It's not a 60% percent reduction in cost for 100% of the same output. If you have a model and input text A, and you fix the seed etc. and run Text A through the model as text tokens and as compressed image tokens, you will not get identical outputs. You're specifically reducing the number of tensors needed to represent your input, which saves you on raw compute, but also by definition gives you less room to represent the information in your input. It's lossy, in other words.
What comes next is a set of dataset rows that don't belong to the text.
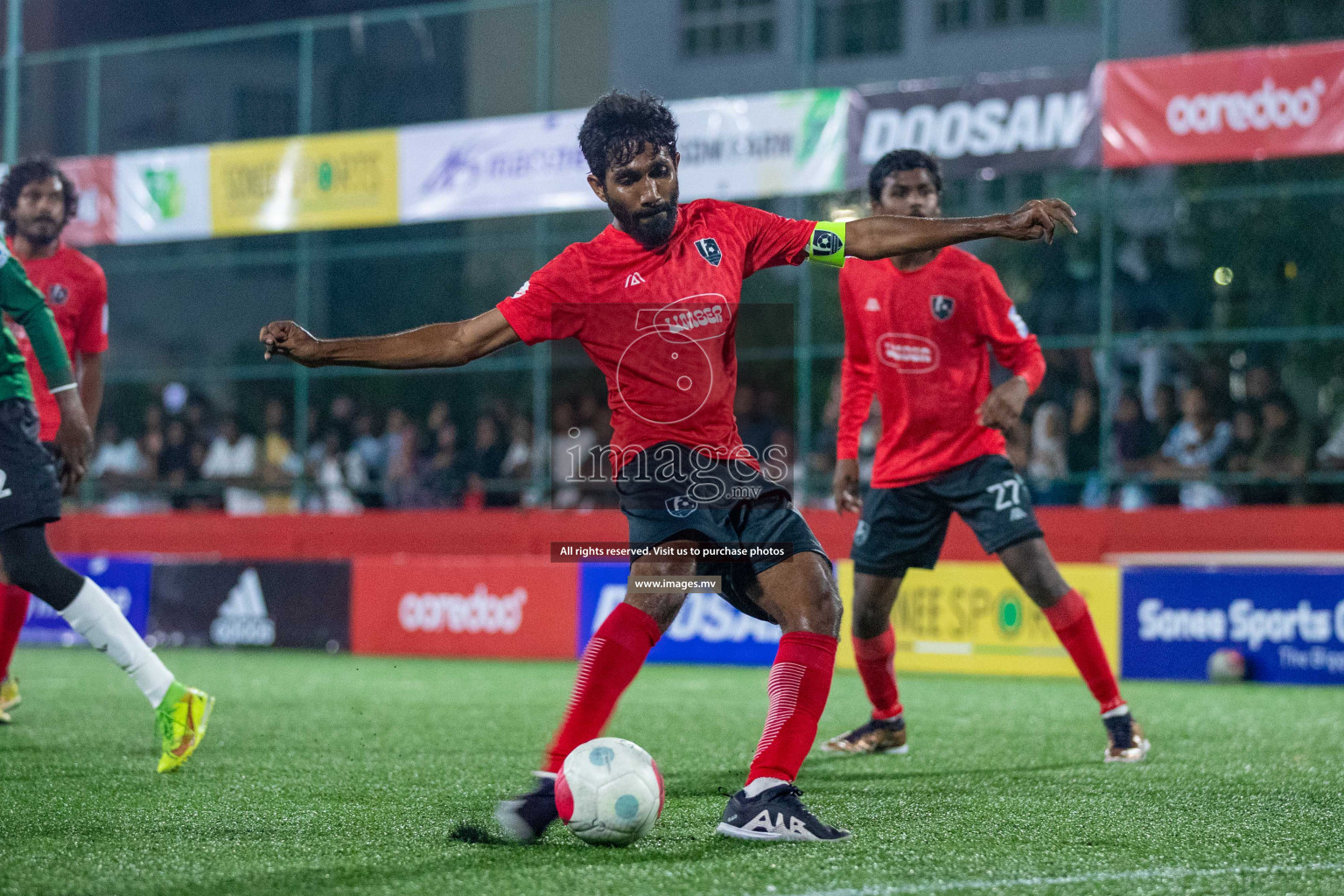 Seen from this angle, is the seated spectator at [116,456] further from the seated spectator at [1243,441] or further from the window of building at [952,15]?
the window of building at [952,15]

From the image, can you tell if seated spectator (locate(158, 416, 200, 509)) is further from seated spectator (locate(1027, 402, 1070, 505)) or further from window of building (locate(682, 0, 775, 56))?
window of building (locate(682, 0, 775, 56))

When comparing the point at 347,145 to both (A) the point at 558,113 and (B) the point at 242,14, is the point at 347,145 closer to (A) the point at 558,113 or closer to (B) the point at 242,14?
(A) the point at 558,113

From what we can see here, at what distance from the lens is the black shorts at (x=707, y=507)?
14.3 ft

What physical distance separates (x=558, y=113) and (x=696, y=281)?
424 inches

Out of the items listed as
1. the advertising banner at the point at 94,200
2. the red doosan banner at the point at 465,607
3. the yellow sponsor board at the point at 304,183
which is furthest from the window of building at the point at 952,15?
the red doosan banner at the point at 465,607

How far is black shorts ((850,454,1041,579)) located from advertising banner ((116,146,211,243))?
11.7 m

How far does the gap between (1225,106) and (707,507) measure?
937 cm

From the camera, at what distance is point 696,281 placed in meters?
4.38

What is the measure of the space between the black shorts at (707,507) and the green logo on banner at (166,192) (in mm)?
13395

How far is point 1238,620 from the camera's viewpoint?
33.9 feet

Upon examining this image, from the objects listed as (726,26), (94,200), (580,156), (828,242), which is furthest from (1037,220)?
(726,26)

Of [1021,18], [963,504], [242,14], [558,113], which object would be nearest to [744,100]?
[558,113]

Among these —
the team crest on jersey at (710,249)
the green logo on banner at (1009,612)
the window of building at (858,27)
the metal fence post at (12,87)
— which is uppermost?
the window of building at (858,27)

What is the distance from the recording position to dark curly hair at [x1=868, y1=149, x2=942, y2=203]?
20.5 ft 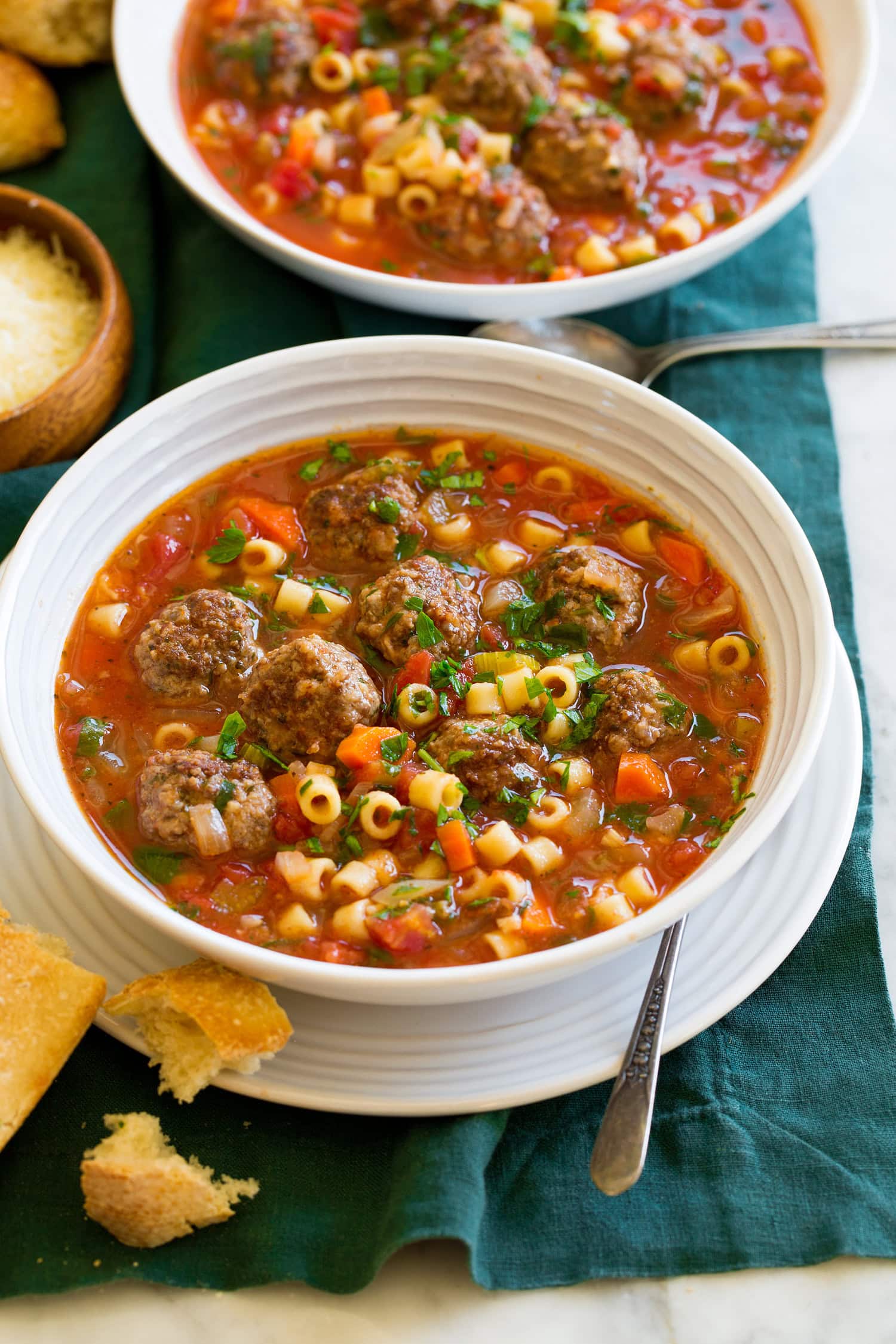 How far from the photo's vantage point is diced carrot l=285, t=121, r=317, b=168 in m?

Put another way, if you're using a model like Fable because you need the absolute frontier of capability and cheaper models cannot solve your tasks, then there is a very real chance that a compression strategy like this drops Fable's accuracy such that it's no longer suitable for your task. Which defeats the point of you paying for the most expensive model in the first place.
So, it's cool research. Might be useful for some people. Probably isn't something that has incredible utility in real use cases.
To me compression implies smaller size? However new line chars seems to be removed in the pic so I guess it could be expressed in fewer bytes than the original text with further compression ...
DeepSeek published a pretty well circulated paper on exactly this many months ago. It just hasn’t been attempted and shared publicly, asa retrofit, AFAIK.
Also, it’s no free lunch, the readme indicates that this “use images” hack is lossy and reduces success rates alongside the reduced cost. Most labs would focus on success increases regardless of price.
I miss when HN was mostly people that knew what they were talking about.
The image trick reduces context because it’s lossy. The README says you can’t use it for anything needing exact recall. It produces a gist of the input.
You could achieve something similar by using a small, cheap model to pre-summarize information for the expensive LLM. This is what many people do already and it’s a much better way to do it for most situations.
Also I don't think you realize how much dumb stuff is still left on the table. That the market is worth trillions is quite irrelevant here given the dynamism of the field.